Repeat the entire listing exactly.

═════ Records shown

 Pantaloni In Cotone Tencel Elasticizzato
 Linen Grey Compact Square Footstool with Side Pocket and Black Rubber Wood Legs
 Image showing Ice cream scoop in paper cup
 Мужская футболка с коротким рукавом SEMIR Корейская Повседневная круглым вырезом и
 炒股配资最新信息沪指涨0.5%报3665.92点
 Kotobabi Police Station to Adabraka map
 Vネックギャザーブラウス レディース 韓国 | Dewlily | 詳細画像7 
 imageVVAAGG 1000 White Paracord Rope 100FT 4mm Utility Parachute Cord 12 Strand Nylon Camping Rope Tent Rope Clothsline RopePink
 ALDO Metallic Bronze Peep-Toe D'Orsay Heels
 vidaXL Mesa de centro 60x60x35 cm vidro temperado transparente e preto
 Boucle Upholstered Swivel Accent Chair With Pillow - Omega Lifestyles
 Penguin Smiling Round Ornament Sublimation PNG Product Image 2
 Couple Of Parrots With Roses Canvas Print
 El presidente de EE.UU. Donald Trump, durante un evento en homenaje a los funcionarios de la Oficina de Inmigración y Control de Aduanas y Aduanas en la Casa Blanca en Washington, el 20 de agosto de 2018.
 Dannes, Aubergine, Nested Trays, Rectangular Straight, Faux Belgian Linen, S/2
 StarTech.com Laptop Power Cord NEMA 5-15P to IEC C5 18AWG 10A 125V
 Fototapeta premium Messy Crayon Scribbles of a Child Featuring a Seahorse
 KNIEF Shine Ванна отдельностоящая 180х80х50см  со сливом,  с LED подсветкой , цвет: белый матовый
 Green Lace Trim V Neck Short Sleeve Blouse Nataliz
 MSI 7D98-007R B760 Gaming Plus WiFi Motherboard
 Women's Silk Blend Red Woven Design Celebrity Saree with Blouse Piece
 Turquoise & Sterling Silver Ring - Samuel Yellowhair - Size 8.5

══════════

:: Result below ::
 Pantaloni In Cotone Tencel Elasticizzato
 Linen Grey Compact Square Footstool with Side Pocket and Black Rubber Wood Legs
 Image showing Ice cream scoop in paper cup
 Мужская футболка с коротким рукавом SEMIR Корейская Повседневная круглым вырезом и
 炒股配资最新信息沪指涨0.5%报3665.92点
 Kotobabi Police Station to Adabraka map
 Vネックギャザーブラウス レディース 韓国 | Dewlily | 詳細画像7 
 imageVVAAGG 1000 White Paracord Rope 100FT 4mm Utility Parachute Cord 12 Strand Nylon Camping Rope Tent Rope Clothsline RopePink
 ALDO Metallic Bronze Peep-Toe D'Orsay Heels
 vidaXL Mesa de centro 60x60x35 cm vidro temperado transparente e preto
 Boucle Upholstered Swivel Accent Chair With Pillow - Omega Lifestyles
 Penguin Smiling Round Ornament Sublimation PNG Product Image 2
 Couple Of Parrots With Roses Canvas Print
 El presidente de EE.UU. Donald Trump, durante un evento en homenaje a los funcionarios de la Oficina de Inmigración y Control de Aduanas y Aduanas en la Casa Blanca en Washington, el 20 de agosto de 2018.
 Dannes, Aubergine, Nested Trays, Rectangular Straight, Faux Belgian Linen, S/2
 StarTech.com Laptop Power Cord NEMA 5-15P to IEC C5 18AWG 10A 125V
 Fototapeta premium Messy Crayon Scribbles of a Child Featuring a Seahorse
 KNIEF Shine Ванна отдельностоящая 180х80х50см  со сливом,  с LED подсветкой , цвет: белый матовый
 Green Lace Trim V Neck Short Sleeve Blouse Nataliz
 MSI 7D98-007R B760 Gaming Plus WiFi Motherboard
 Women's Silk Blend Red Woven Design Celebrity Saree with Blouse Piece
 Turquoise & Sterling Silver Ring - Samuel Yellowhair - Size 8.5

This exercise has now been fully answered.